Las mujeres hemos tenido que evitar lugares, horarios, vestimenta e incluso comportamientos por nuestra propia seguridad. No es esta la forma de vida y educación que las mujeres necesitamos. Se trata, más bien, de sustraer del entramado de las relaciones humanas el ejercicio vertical del poder de los unos sobre las otras mediante una educación no sexista.
Estamos en un momento global de catarsis para las mujeres, pero también para los hombres; para las personas heterosexuales, lesbianas, gays, bisexuales, transgénero e intersexuales. #MeToo se ha replicado como: #YoTambien, #AMiTambien, #MoiAussi, #EuTambem. Para acompañar y alimentar al movimiento, las feministas francesas crearon la campaña #Balancetonporc (“Delata a tu cerdo”), que en su versión inglesa se difundió como #denounceallpigs (“denuncia a todos los cerdos”). En Italia el eco se dejó oír: #quellavoltache (“dónde esta vez”).

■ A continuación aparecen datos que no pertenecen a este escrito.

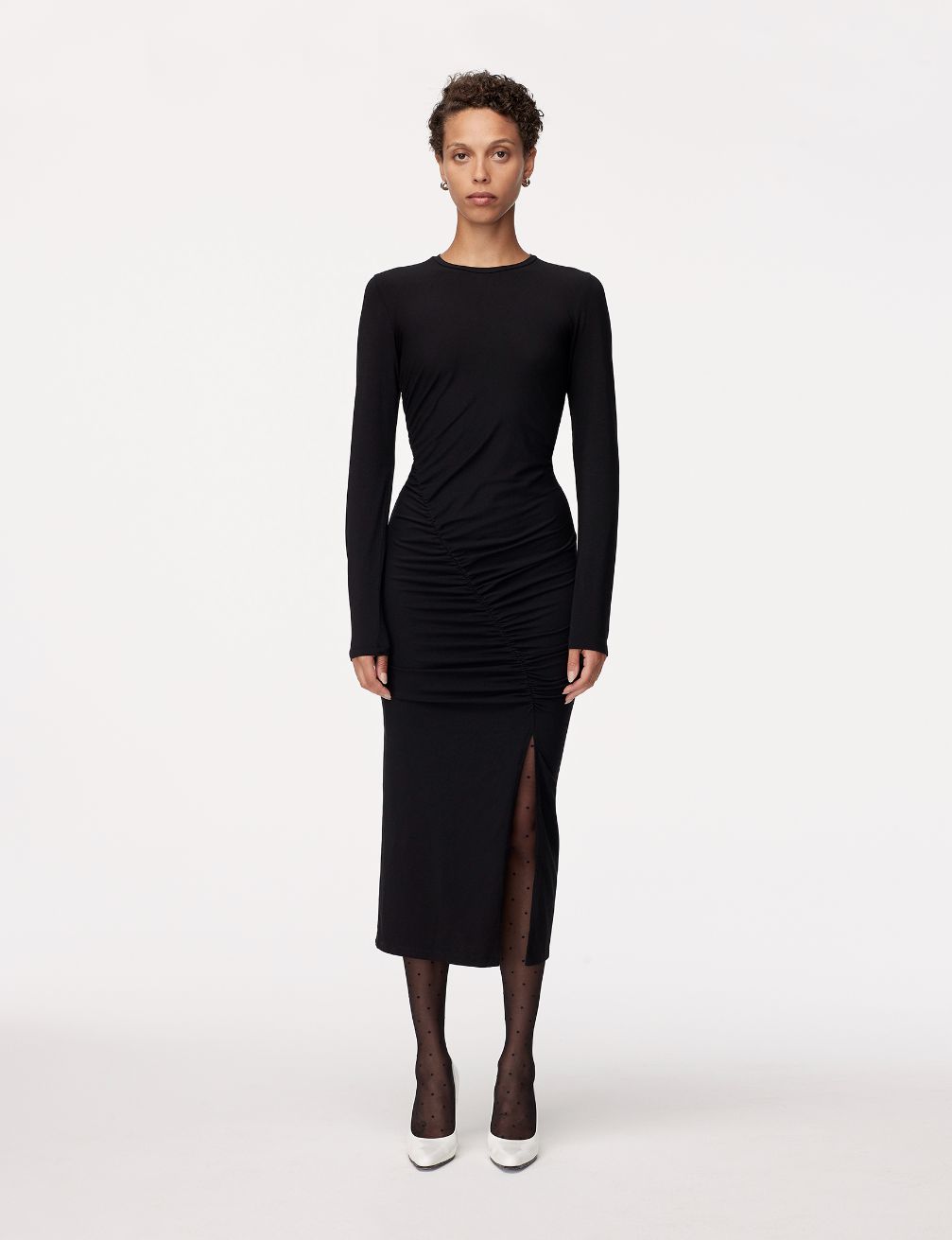 Another Tomorrow Ruched Long Sleeve Dress in Black – Cotton Women's Dress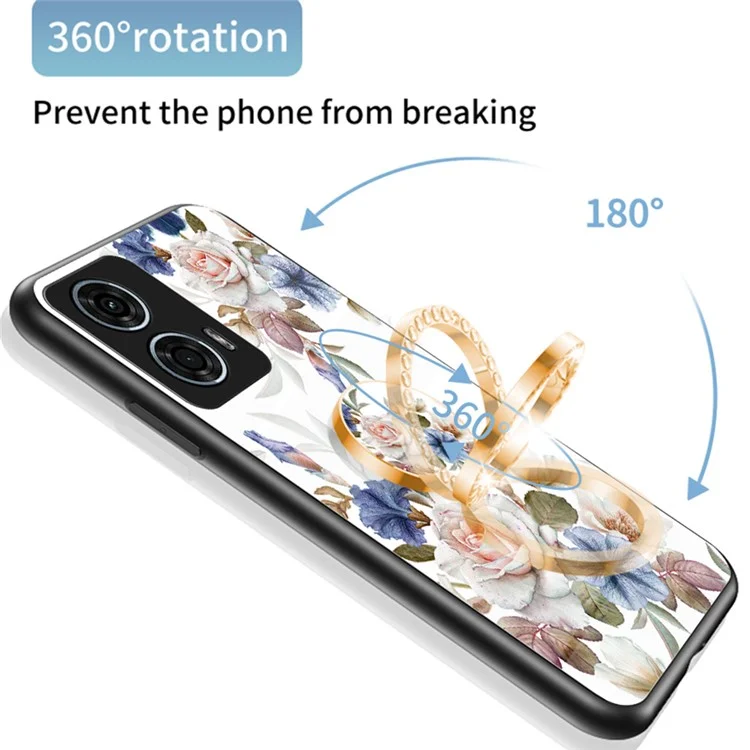 Per Motorola Moto G24 Power Case Pattern Print Tempered Glass Phone Cover con Supporto - Gloriosa Peonia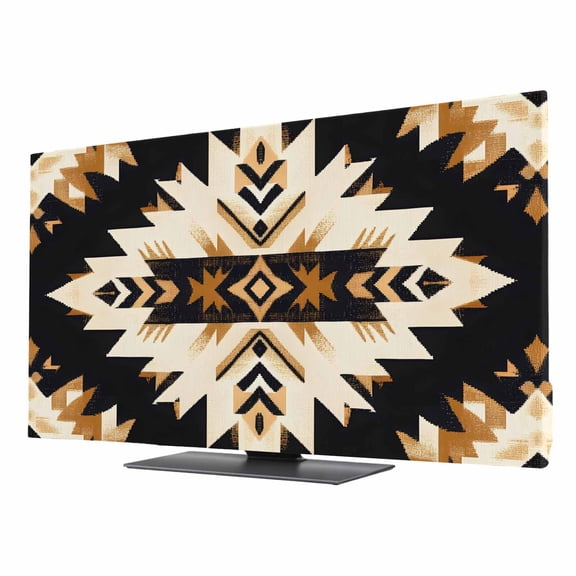 TV Cover Indoor, Southwestern Aztec Stretch TV Dust Cover Television Screen Protector, Retro National Style Brown Abstract Elastic Polyester Display Covers, Monitor Slipcover for LED LCD TVs 55 Inch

Mientras las dinámicas de poder sigan atravesando las relaciones humanas, todos somos susceptibles de sufrir abusos de formas muy diversas. Como sucede en la violencia de género bajo la asunción de privilegios de autoridad —poder y sometimiento—: el jefe en el trabajo, el profesor en la universidad, el pervertido en una calle oscura, el “amigo” en una noche de fiesta, el marido y el padre en la casa. Como hashtag, después de dar voz a diferentes actrices hollywoodenses, #MeToo se convirtió en un movimiento social transfronterizo en todos los idiomas porque denunció el miedo y la vergüenza. Sin embargo, su centro no se agota en Hollywood ni su medio es el twitt. “Me too” se pronunció por primera vez en un espacio marginal para hablar por las afrodescendientes norteamericanas. Y debería estar hablando por cada mujer en el mundo con o sin acceso a internet, por las campesinas, las indígenas, las indigentes, las sexoservidoras. En cualquier caso “me too” es la palabra para la indignación y lucha de las mujeres que fueron abusadas sexualemente y viven para contarlo, y para evitar que siga pasando. Es un impulso que camina buscando la reapropiación de nuestros cuerpos, de los espacios que habitamos día a día, del mundo, de la vida.